JS Execution & CSS Filtering

In this example, we'll demonstrate how to use Crawl4AI to execute JavaScript, filter data with CSS selectors, and use a cosine similarity strategy to extract relevant content. This approach is particularly useful when you need to interact with dynamic content on web pages, such as clicking "Load More" buttons.

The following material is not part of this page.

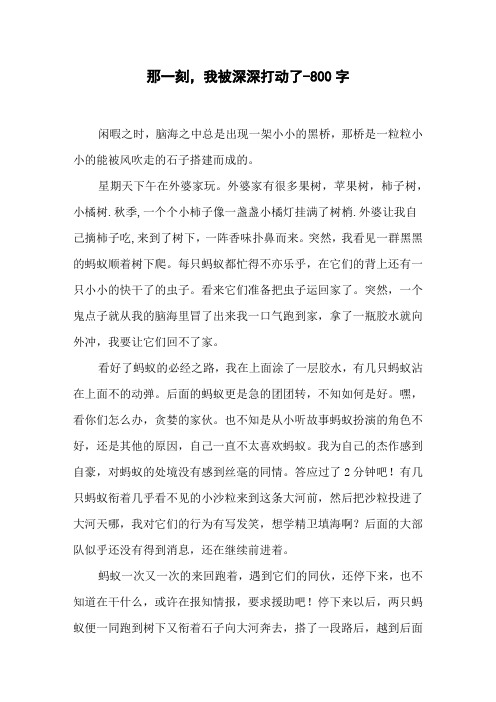 那一刻,我被深深打动了-800字初二作文叙事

Example: Extracting Structured Data

# Import necessary modules
from crawl4ai import WebCrawler
from crawl4ai.chunking_strategy import *
from crawl4ai.extraction_strategy import *
from crawl4ai.crawler_strategy import *

# Define the JavaScript code to click the "Load More" button
js_code = ["""
const loadMoreButton = Array.from(document.querySelectorAll('button')).find(button => button.textContent.includes('Load More'));
loadMoreButton && loadMoreButton.click();
"""]

crawler = WebCrawler(verbose=True)
crawler.warmup()
# Run the crawler with keyword filtering and CSS selector
result = crawler.run(
    url="https://www.nbcnews.com/business",
    js=js_code,
    css_selector="p",
    extraction_strategy=CosineStrategy(
        semantic_filter="technology",
    ),
)

# Display the extracted result
print(result)

Explanation

  1. JavaScript Execution: The js_code variable contains JavaScript code that simulates clicking a "Load More" button. This is useful for loading additional content dynamically.
  2. CSS Selector: The css_selector="p" parameter ensures that only paragraph (<p>) tags are extracted from the web page.
  3. Extraction Strategy: The CosineStrategy is used with a semantic filter for "technology" to extract relevant content based on cosine similarity.

Try It Yourself

This example demonstrates the power and flexibility of Crawl4AI in handling complex web interactions and extracting meaningful data. You can customize the JavaScript code, CSS selectors, and extraction strategies to suit your specific requirements.